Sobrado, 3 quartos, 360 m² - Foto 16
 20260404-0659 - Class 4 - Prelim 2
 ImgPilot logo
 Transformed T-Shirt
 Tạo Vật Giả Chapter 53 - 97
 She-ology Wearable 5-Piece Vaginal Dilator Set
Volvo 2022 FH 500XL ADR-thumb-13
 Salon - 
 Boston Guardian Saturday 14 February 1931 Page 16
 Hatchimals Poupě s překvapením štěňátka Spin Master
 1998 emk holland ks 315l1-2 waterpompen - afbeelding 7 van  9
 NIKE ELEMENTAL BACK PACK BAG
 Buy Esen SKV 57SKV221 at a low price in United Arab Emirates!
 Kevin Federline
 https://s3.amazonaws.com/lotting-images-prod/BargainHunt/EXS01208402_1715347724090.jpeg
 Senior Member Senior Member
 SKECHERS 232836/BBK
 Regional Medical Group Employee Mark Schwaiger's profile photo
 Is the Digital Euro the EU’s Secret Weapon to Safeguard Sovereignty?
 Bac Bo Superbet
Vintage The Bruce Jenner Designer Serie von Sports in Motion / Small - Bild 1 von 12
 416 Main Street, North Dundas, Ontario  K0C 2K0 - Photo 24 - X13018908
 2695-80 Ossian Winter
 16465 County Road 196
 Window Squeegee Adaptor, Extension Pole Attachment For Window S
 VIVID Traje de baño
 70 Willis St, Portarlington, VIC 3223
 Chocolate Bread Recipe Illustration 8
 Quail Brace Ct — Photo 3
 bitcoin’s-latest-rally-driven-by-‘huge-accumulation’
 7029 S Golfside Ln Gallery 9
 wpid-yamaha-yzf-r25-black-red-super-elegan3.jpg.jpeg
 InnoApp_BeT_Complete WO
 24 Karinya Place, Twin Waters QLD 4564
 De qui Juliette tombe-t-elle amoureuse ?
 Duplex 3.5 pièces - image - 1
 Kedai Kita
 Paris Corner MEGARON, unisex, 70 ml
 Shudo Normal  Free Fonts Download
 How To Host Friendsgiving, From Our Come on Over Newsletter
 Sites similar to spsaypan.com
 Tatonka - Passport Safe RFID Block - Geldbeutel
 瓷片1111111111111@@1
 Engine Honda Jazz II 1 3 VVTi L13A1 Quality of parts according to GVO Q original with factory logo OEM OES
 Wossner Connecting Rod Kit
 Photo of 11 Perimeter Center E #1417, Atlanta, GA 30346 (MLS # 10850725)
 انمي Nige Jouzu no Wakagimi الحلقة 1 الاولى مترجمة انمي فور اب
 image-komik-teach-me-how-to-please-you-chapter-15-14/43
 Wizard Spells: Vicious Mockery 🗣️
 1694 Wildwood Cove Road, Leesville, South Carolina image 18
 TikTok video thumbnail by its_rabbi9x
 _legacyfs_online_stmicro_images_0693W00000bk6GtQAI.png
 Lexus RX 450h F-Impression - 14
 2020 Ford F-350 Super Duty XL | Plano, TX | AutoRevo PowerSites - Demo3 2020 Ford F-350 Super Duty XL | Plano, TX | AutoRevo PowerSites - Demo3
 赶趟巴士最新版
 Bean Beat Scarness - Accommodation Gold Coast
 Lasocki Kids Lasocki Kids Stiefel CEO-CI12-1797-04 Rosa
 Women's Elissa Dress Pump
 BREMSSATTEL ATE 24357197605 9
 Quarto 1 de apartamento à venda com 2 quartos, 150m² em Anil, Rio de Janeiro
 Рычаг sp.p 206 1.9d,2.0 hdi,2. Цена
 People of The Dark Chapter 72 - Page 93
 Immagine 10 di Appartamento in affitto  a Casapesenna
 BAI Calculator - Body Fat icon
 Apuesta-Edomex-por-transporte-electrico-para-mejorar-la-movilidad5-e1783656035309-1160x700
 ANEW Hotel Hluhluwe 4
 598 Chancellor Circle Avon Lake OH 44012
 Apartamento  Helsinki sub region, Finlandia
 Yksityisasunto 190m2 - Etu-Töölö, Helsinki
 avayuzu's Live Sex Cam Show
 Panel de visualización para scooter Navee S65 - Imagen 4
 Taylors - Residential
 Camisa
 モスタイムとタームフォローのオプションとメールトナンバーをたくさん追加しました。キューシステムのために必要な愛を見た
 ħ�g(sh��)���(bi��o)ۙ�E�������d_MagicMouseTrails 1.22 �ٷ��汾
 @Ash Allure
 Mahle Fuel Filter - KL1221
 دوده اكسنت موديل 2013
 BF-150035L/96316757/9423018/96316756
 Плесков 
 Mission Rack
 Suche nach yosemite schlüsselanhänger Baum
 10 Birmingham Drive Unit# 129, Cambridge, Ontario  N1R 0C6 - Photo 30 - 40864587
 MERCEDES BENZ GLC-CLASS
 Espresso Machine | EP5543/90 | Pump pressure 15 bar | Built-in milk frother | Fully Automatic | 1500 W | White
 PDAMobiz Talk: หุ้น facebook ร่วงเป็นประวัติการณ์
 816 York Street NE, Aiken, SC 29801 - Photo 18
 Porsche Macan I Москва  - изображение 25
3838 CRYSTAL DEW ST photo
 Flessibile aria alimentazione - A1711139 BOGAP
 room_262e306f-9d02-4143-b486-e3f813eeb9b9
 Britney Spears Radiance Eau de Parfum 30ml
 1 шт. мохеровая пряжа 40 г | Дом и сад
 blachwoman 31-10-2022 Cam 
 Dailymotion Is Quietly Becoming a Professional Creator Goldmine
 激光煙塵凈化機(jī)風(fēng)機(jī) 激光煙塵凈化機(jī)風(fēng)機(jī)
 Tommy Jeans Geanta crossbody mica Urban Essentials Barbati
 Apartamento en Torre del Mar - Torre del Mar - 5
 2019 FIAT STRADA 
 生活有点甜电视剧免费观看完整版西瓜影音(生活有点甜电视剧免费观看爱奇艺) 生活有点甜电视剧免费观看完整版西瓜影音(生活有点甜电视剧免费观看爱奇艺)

WHAT IS NEEDED:
All of the material above needs to be output exactly, with no line left out.

THE ANSWER:
Sobrado, 3 quartos, 360 m² - Foto 16
 20260404-0659 - Class 4 - Prelim 2
 ImgPilot logo
 Transformed T-Shirt
 Tạo Vật Giả Chapter 53 - 97
 She-ology Wearable 5-Piece Vaginal Dilator Set
Volvo 2022 FH 500XL ADR-thumb-13
 Salon - 
 Boston Guardian Saturday 14 February 1931 Page 16
 Hatchimals Poupě s překvapením štěňátka Spin Master
 1998 emk holland ks 315l1-2 waterpompen - afbeelding 7 van  9
 NIKE ELEMENTAL BACK PACK BAG
 Buy Esen SKV 57SKV221 at a low price in United Arab Emirates!
 Kevin Federline
 https://s3.amazonaws.com/lotting-images-prod/BargainHunt/EXS01208402_1715347724090.jpeg
 Senior Member Senior Member
 SKECHERS 232836/BBK
 Regional Medical Group Employee Mark Schwaiger's profile photo
 Is the Digital Euro the EU’s Secret Weapon to Safeguard Sovereignty?
 Bac Bo Superbet
Vintage The Bruce Jenner Designer Serie von Sports in Motion / Small - Bild 1 von 12
 416 Main Street, North Dundas, Ontario  K0C 2K0 - Photo 24 - X13018908
 2695-80 Ossian Winter
 16465 County Road 196
 Window Squeegee Adaptor, Extension Pole Attachment For Window S
 VIVID Traje de baño
 70 Willis St, Portarlington, VIC 3223
 Chocolate Bread Recipe Illustration 8
 Quail Brace Ct — Photo 3
 bitcoin’s-latest-rally-driven-by-‘huge-accumulation’
 7029 S Golfside Ln Gallery 9
 wpid-yamaha-yzf-r25-black-red-super-elegan3.jpg.jpeg
 InnoApp_BeT_Complete WO
 24 Karinya Place, Twin Waters QLD 4564
 De qui Juliette tombe-t-elle amoureuse ?
 Duplex 3.5 pièces - image - 1
 Kedai Kita
 Paris Corner MEGARON, unisex, 70 ml
 Shudo Normal  Free Fonts Download
 How To Host Friendsgiving, From Our Come on Over Newsletter
 Sites similar to spsaypan.com
 Tatonka - Passport Safe RFID Block - Geldbeutel
 瓷片1111111111111@@1
 Engine Honda Jazz II 1 3 VVTi L13A1 Quality of parts according to GVO Q original with factory logo OEM OES
 Wossner Connecting Rod Kit
 Photo of 11 Perimeter Center E #1417, Atlanta, GA 30346 (MLS # 10850725)
 انمي Nige Jouzu no Wakagimi الحلقة 1 الاولى مترجمة انمي فور اب
 image-komik-teach-me-how-to-please-you-chapter-15-14/43
 Wizard Spells: Vicious Mockery 🗣️
 1694 Wildwood Cove Road, Leesville, South Carolina image 18
 TikTok video thumbnail by its_rabbi9x
 _legacyfs_online_stmicro_images_0693W00000bk6GtQAI.png
 Lexus RX 450h F-Impression - 14
 2020 Ford F-350 Super Duty XL | Plano, TX | AutoRevo PowerSites - Demo3 2020 Ford F-350 Super Duty XL | Plano, TX | AutoRevo PowerSites - Demo3
 赶趟巴士最新版
 Bean Beat Scarness - Accommodation Gold Coast
 Lasocki Kids Lasocki Kids Stiefel CEO-CI12-1797-04 Rosa
 Women's Elissa Dress Pump
 BREMSSATTEL ATE 24357197605 9
 Quarto 1 de apartamento à venda com 2 quartos, 150m² em Anil, Rio de Janeiro
 Рычаг sp.p 206 1.9d,2.0 hdi,2. Цена
 People of The Dark Chapter 72 - Page 93
 Immagine 10 di Appartamento in affitto  a Casapesenna
 BAI Calculator - Body Fat icon
 Apuesta-Edomex-por-transporte-electrico-para-mejorar-la-movilidad5-e1783656035309-1160x700
 ANEW Hotel Hluhluwe 4
 598 Chancellor Circle Avon Lake OH 44012
 Apartamento  Helsinki sub region, Finlandia
 Yksityisasunto 190m2 - Etu-Töölö, Helsinki
 avayuzu's Live Sex Cam Show
 Panel de visualización para scooter Navee S65 - Imagen 4
 Taylors - Residential
 Camisa
 モスタイムとタームフォローのオプションとメールトナンバーをたくさん追加しました。キューシステムのために必要な愛を見た
 ħ�g(sh��)���(bi��o)ۙ�E�������d_MagicMouseTrails 1.22 �ٷ��汾
 @Ash Allure
 Mahle Fuel Filter - KL1221
 دوده اكسنت موديل 2013
 BF-150035L/96316757/9423018/96316756
 Плесков 
 Mission Rack
 Suche nach yosemite schlüsselanhänger Baum
 10 Birmingham Drive Unit# 129, Cambridge, Ontario  N1R 0C6 - Photo 30 - 40864587
 MERCEDES BENZ GLC-CLASS
 Espresso Machine | EP5543/90 | Pump pressure 15 bar | Built-in milk frother | Fully Automatic | 1500 W | White
 PDAMobiz Talk: หุ้น facebook ร่วงเป็นประวัติการณ์
 816 York Street NE, Aiken, SC 29801 - Photo 18
 Porsche Macan I Москва  - изображение 25
3838 CRYSTAL DEW ST photo
 Flessibile aria alimentazione - A1711139 BOGAP
 room_262e306f-9d02-4143-b486-e3f813eeb9b9
 Britney Spears Radiance Eau de Parfum 30ml
 1 шт. мохеровая пряжа 40 г | Дом и сад
 blachwoman 31-10-2022 Cam 
 Dailymotion Is Quietly Becoming a Professional Creator Goldmine
 激光煙塵凈化機(jī)風(fēng)機(jī) 激光煙塵凈化機(jī)風(fēng)機(jī)
 Tommy Jeans Geanta crossbody mica Urban Essentials Barbati
 Apartamento en Torre del Mar - Torre del Mar - 5
 2019 FIAT STRADA 
 生活有点甜电视剧免费观看完整版西瓜影音(生活有点甜电视剧免费观看爱奇艺) 生活有点甜电视剧免费观看完整版西瓜影音(生活有点甜电视剧免费观看爱奇艺)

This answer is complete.